Caído el imperio de las idealizaciones, aparece el único sueño. Uno. Cuando se agota la posibilidad de pintar al otro con lo que nos sacamos, el matiz se enciende. Entendemos que nadie va a venir para sacarnos de un letargo. De no tener el caracter para sostenermos, debemos construirlo. Es un invento el hecho de pretender que un otro cubra nuestros huecos invisibles. Tenemos que hacerlo nosotros, en la construcción colectiva de autosuficiencia. No hay mejor forma de salvarnos que construyendonos. No importa cuánto cueste. Siquiera tiene sentido cuestionarse el tamaño del dolor. Hablamos de la muerte de toda alternativa posible. Ya no quedan estructuras. No hay nada para respaldar el no hacer. Todo está absolutamente vacío. Dispuesto a dejarse moldear por tus manos de inventor. Deseoso de que lo complazcas. Bello es pensar, en la hoja blanca. ¡TODO EN BLANCO! ¡LIBRE! ¡PODEMOS DIBUJAR! ¡Por fin llego el momento de dibujar! ¿Qué puede ser mejor? No hay traba ahora que pueda frenarme. Porque yo sé que quiero crear mi estructura. Yo sé que quiero un solo sueño, y ese es mi verdad. Durante toda mi vida, busqué observar esa hoja.
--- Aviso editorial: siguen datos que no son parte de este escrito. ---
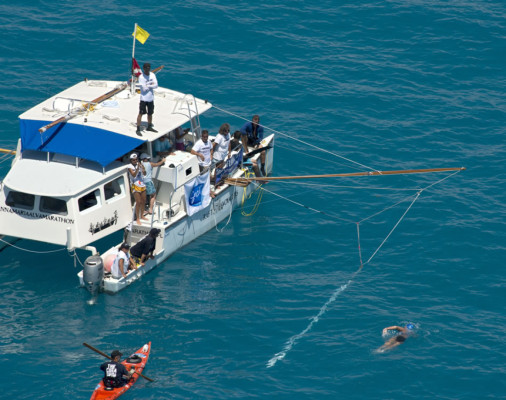 Diana Nyad completa la travesía de cruzar de Cuba a La Florida  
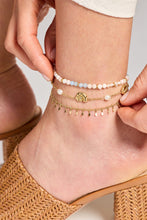Load image into Gallery viewer, Seashell &amp; Pearl Inline Charm Anklet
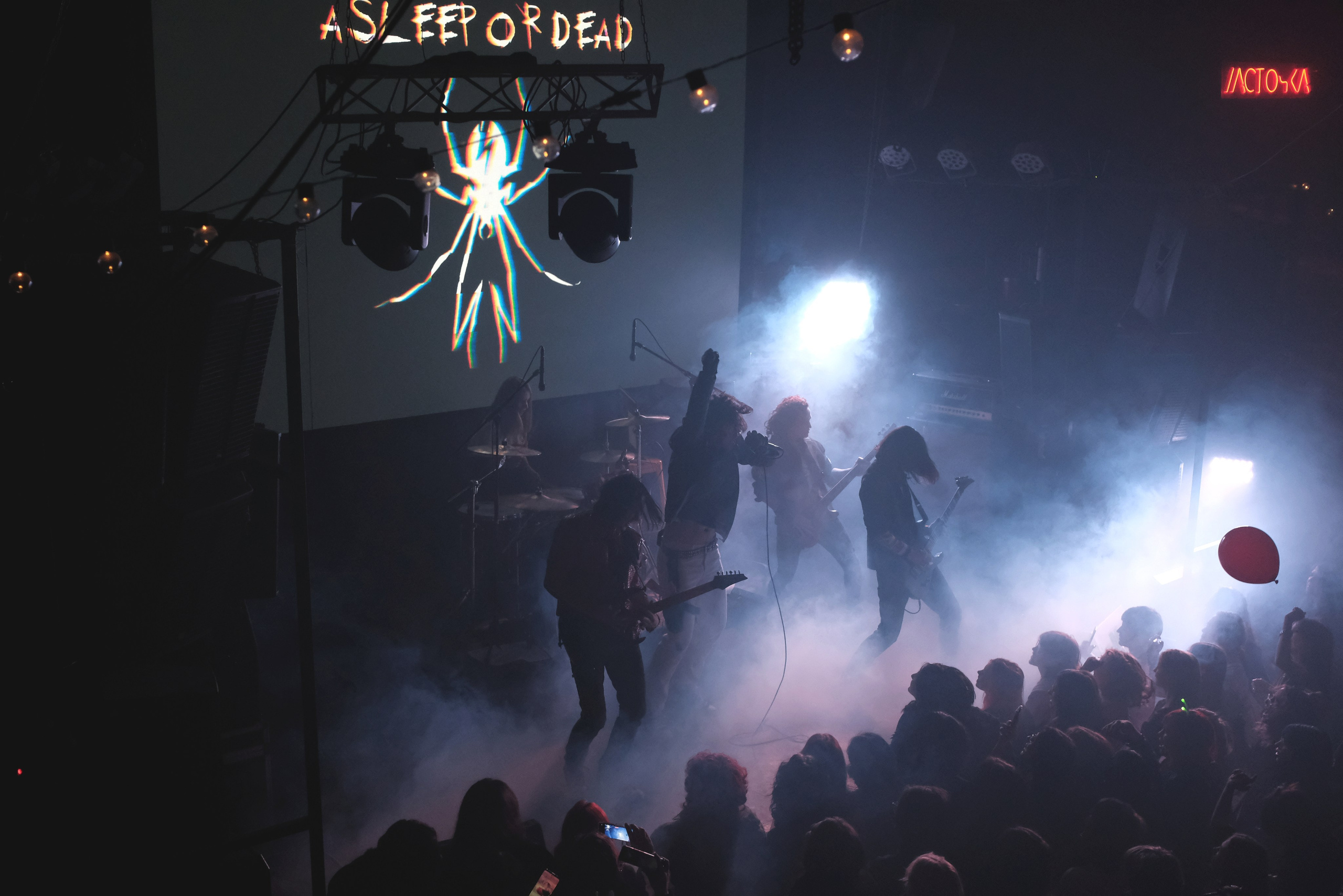 Концерт ASLEEP OR DEAD в ласточке. Репортажный фотограф в Санкт-Петербурге Даниил Могута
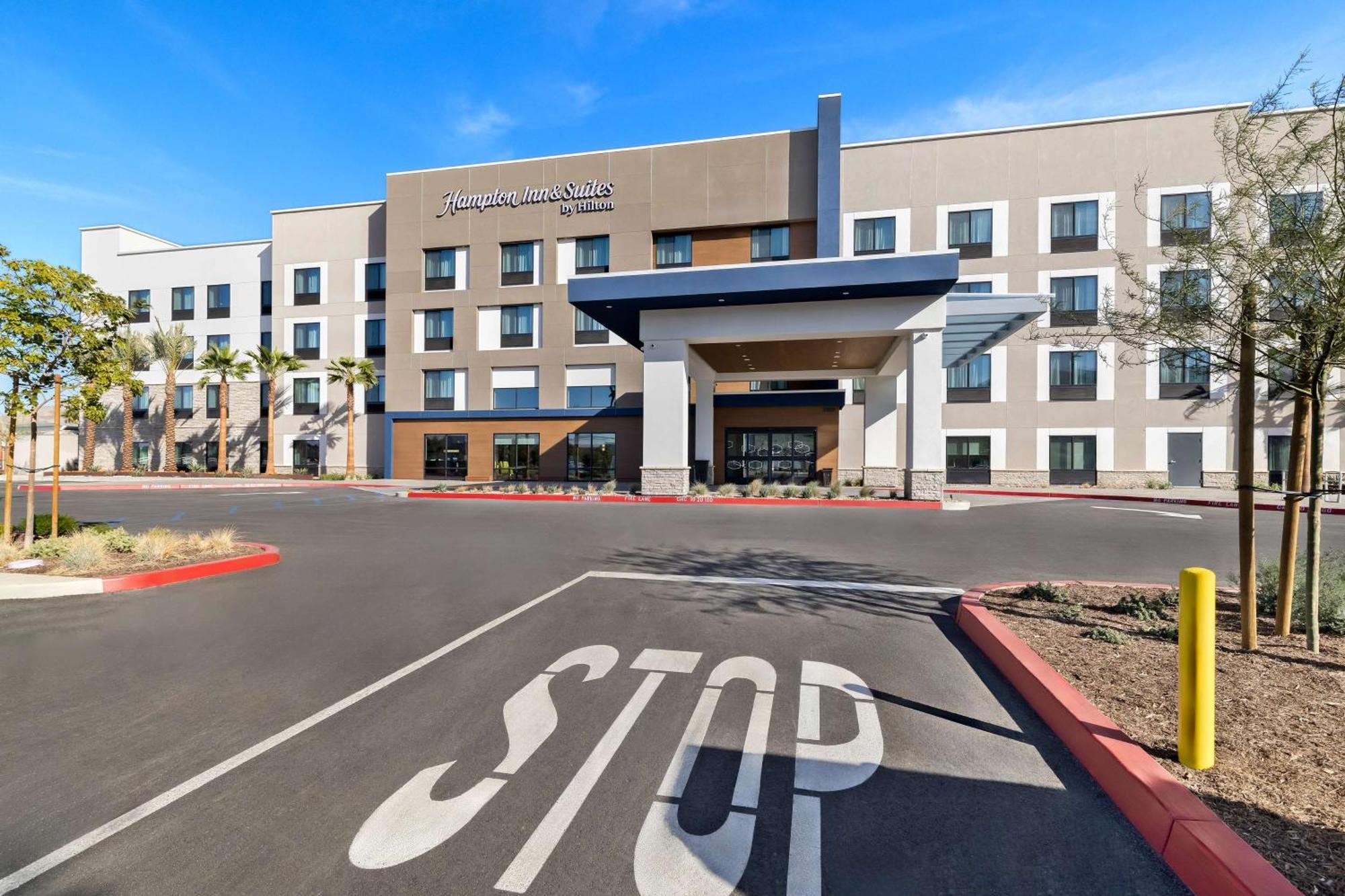 Hampton Inn & Suites Corona, Ca Exterior photo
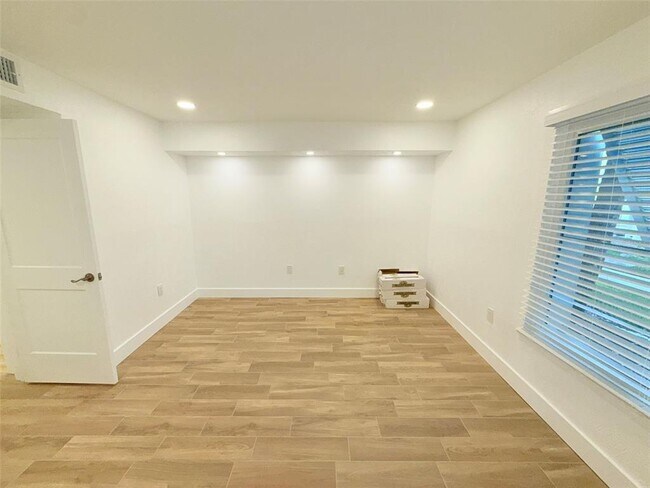 Building Photo - 3715 42nd Way S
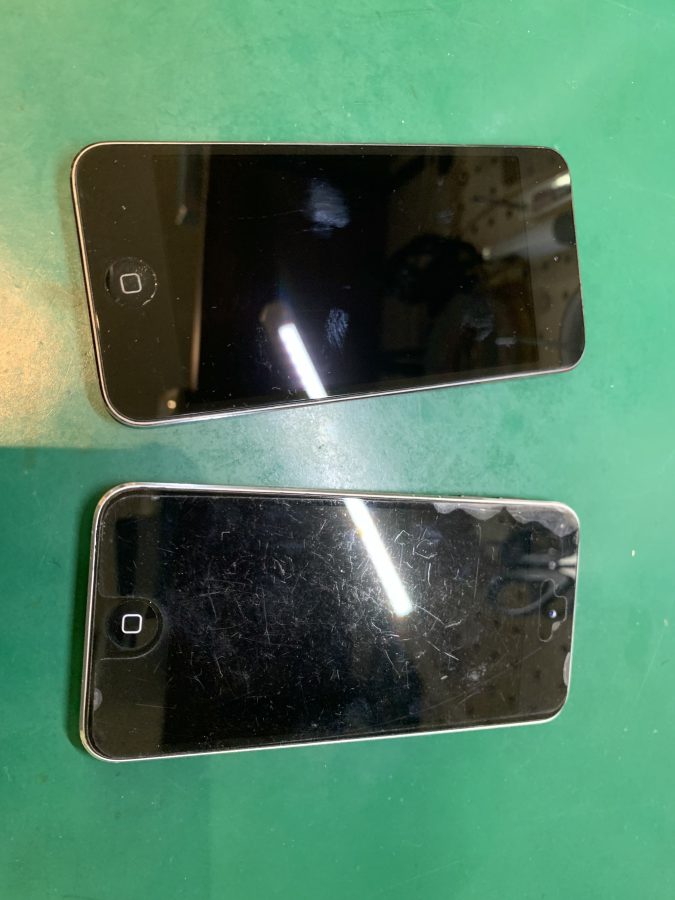 iPod(アイポッド)の画面、バッテリー、イヤホンジャックの故障はスマホ修理工房【大阪なんばウォーク店】へ！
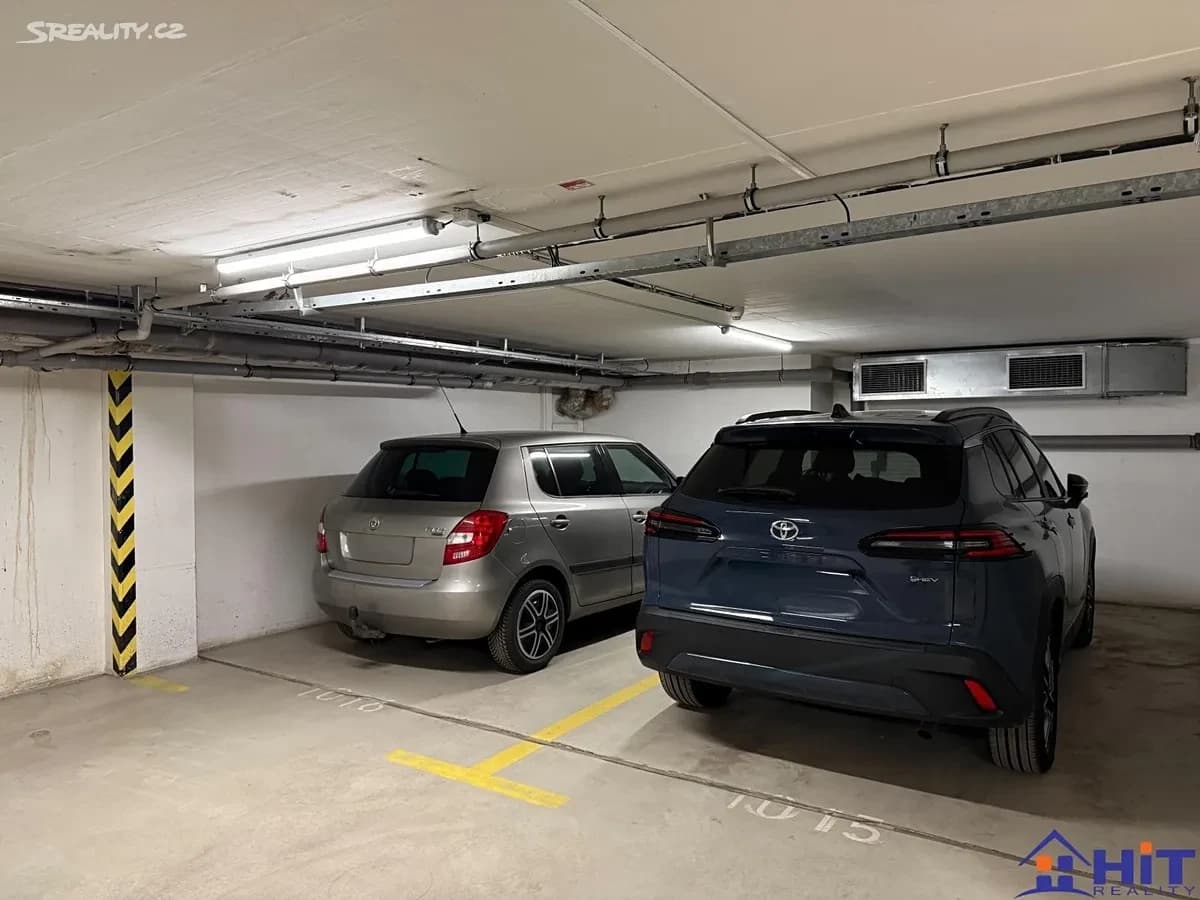 Prenájom garáže 13 m², Högerova, Praha, Praha Prenájom garáže 13 m², Högerova, Praha, Praha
Y ahora puedo dibujar.
¿Qué importan las estructuras que siguen en el mundo mientras formo la mía? Murió quien no creía poder. Al atravesar la muerte del miedo, todo se vuelve en un desafío bueno.
Porque estamos hablando de nuestra mente y los esquemas que nos moldearon hasta hoy. Eso está en nuestras manos. ¡Podemos cambiarlo! Sabiendo eso, colectivamente, se pueden empezar a caer todos los mundos. Porque, al final del día, quien se sabe siendo su propia estructura es quien vive el mundo.